Reproduce all the lines below exactly and omit the images.

• _Information supplied_
____

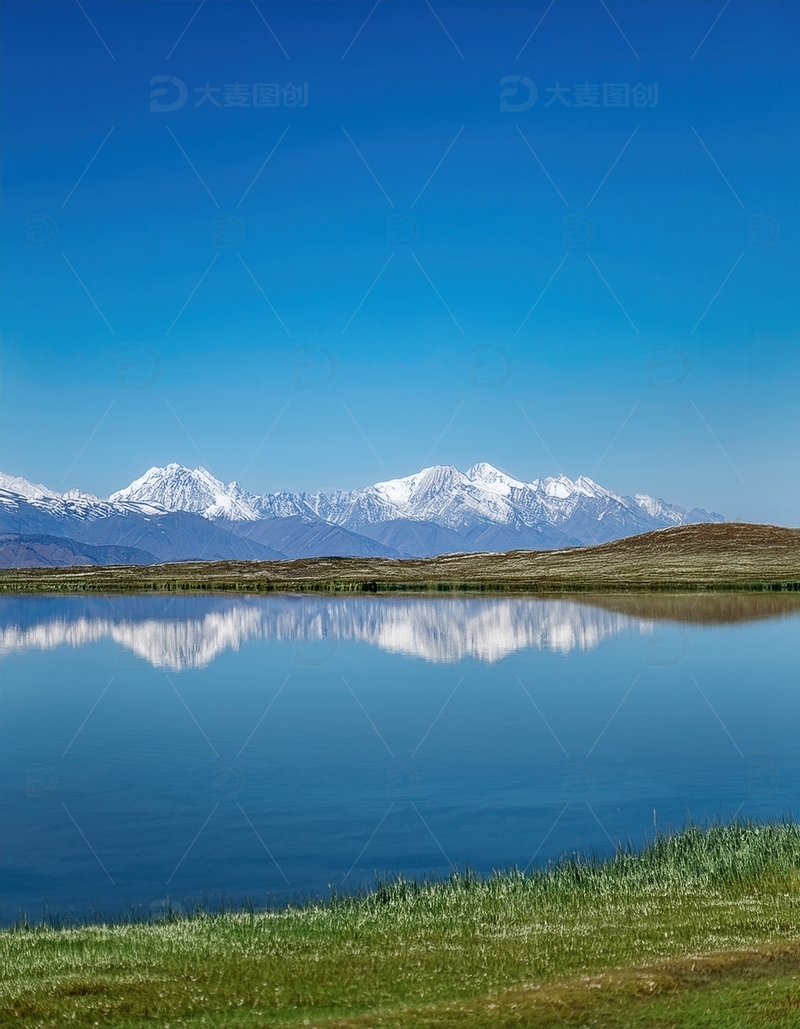 高清大图下载【趣麦麦图】湛蓝晴空下的喜马拉雅静湖雪峰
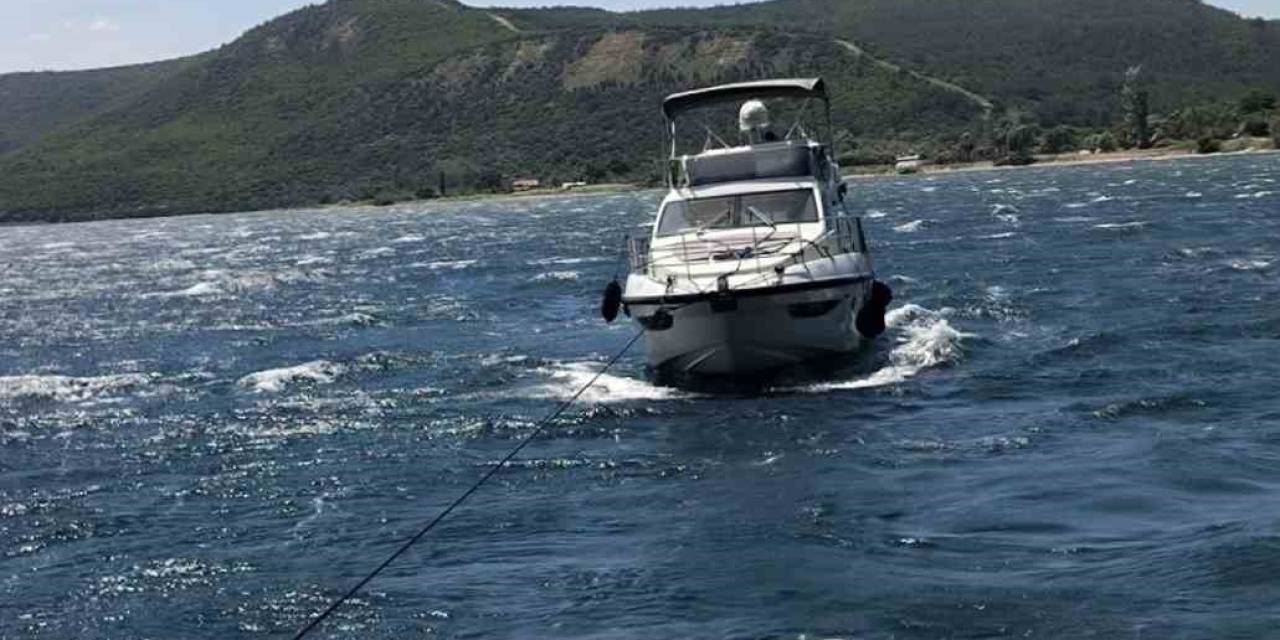 Çanakkale Boğazı’nda Sürüklenen İçinde 4 Kişinin Bulunduğu Tekne Kurtarıldı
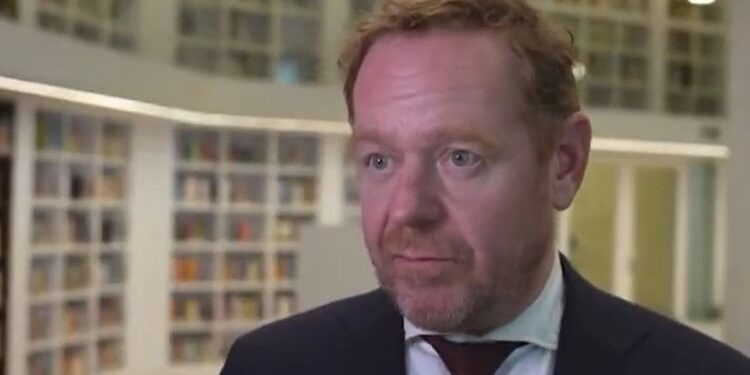 Albares aborda la paz en Gaza, Ucrania y el Sahel con su homólogo neerlandés, David van Weel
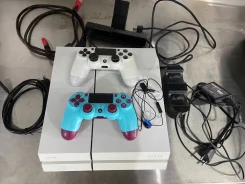 Sony PlayStation 4 ����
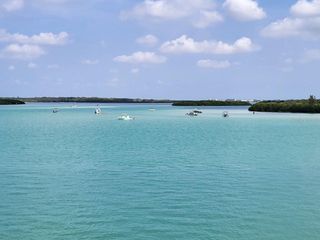 1 KEY CAPRI 209E, Treasure Island, FL 33706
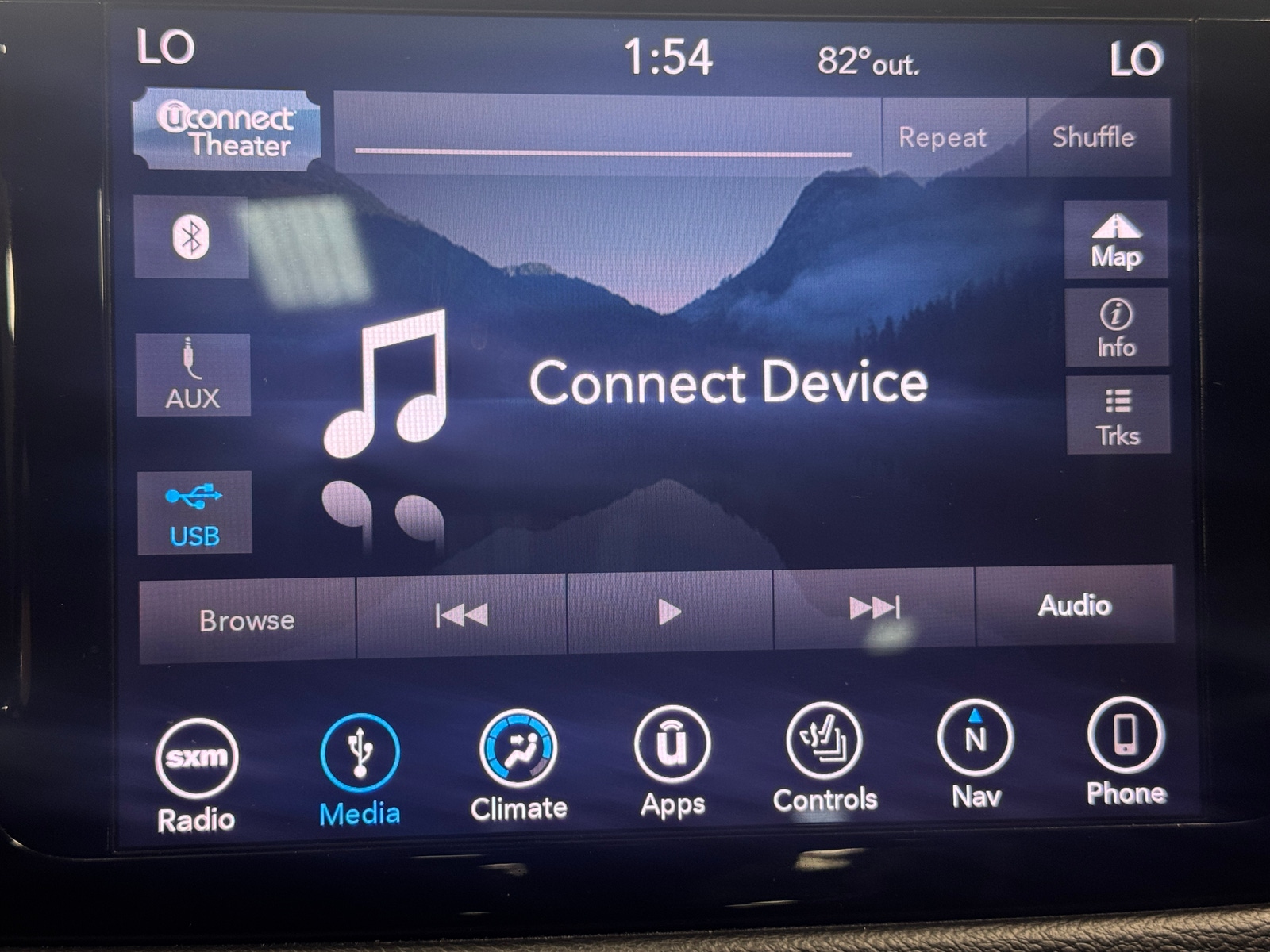 Thumbnail: 2019 Chrysler Pacifica - 3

____

• _Your response_
 高清大图下载【趣麦麦图】湛蓝晴空下的喜马拉雅静湖雪峰
 Çanakkale Boğazı’nda Sürüklenen İçinde 4 Kişinin Bulunduğu Tekne Kurtarıldı
 Albares aborda la paz en Gaza, Ucrania y el Sahel con su homólogo neerlandés, David van Weel
 Sony PlayStation 4 ����
 1 KEY CAPRI 209E, Treasure Island, FL 33706
 Thumbnail: 2019 Chrysler Pacifica - 3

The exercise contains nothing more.